0

I have trained a classifier and evaluated my classifier's performance on the testing set by Area Under the Precision-recall curve. My testing set comes from 2000 different categories, and my classifier doesn't consider the input category in the classification. I want to check the performance of my classifier for each category. The issue is that the number of samples in some categories is small; as a result, the category-wise performance report for them won't be statistically significant.

I am looking for an approach that can report category-wise performance along with p-values.
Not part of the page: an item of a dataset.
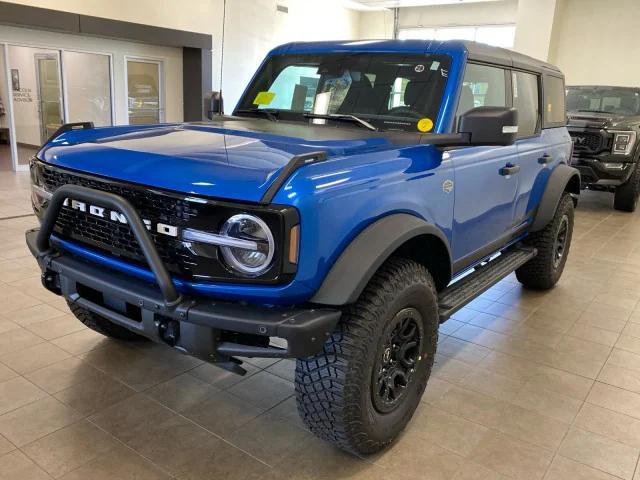 new 2024 Ford Bronco car, priced at $69,670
I would appreciate your feedback.

  • "The issue is that the number of samples in some categories is small; as a result, the category-wise performance report for them won't be statistically significant." What's wrong with that? – Christian Hennig Dec 27 '22 at 22:32
  • What null hypothesis do you want to test, and why? – Christian Hennig Dec 27 '22 at 22:32
  • @ChristianHennig: I have calculated the accuracy without splitting my data into different categories. My null hypothesis for each category: "The model performance on the category of interest is as good as its performance on the whole dataset." I am not sure which statistical test I should use for this. If I haven't used the right words for asking my question, let me know to paraphrase it. – poorya mirzavand Dec 28 '22 at 14:39
  • I thought I could look at the instances of each category as a binomial distribution. Let's assume for a specific category, three among eight labels have been predicted wrong. Given the accuracy of the whole dataset, I can calculate how likely it is to have up to 3 mistakes given a sample size of 8. If the calculated probability is too low, I consider it as a category where model performance is lower than the average performance. Does it work? – poorya mirzavand Dec 28 '22 at 15:42

0 Answers0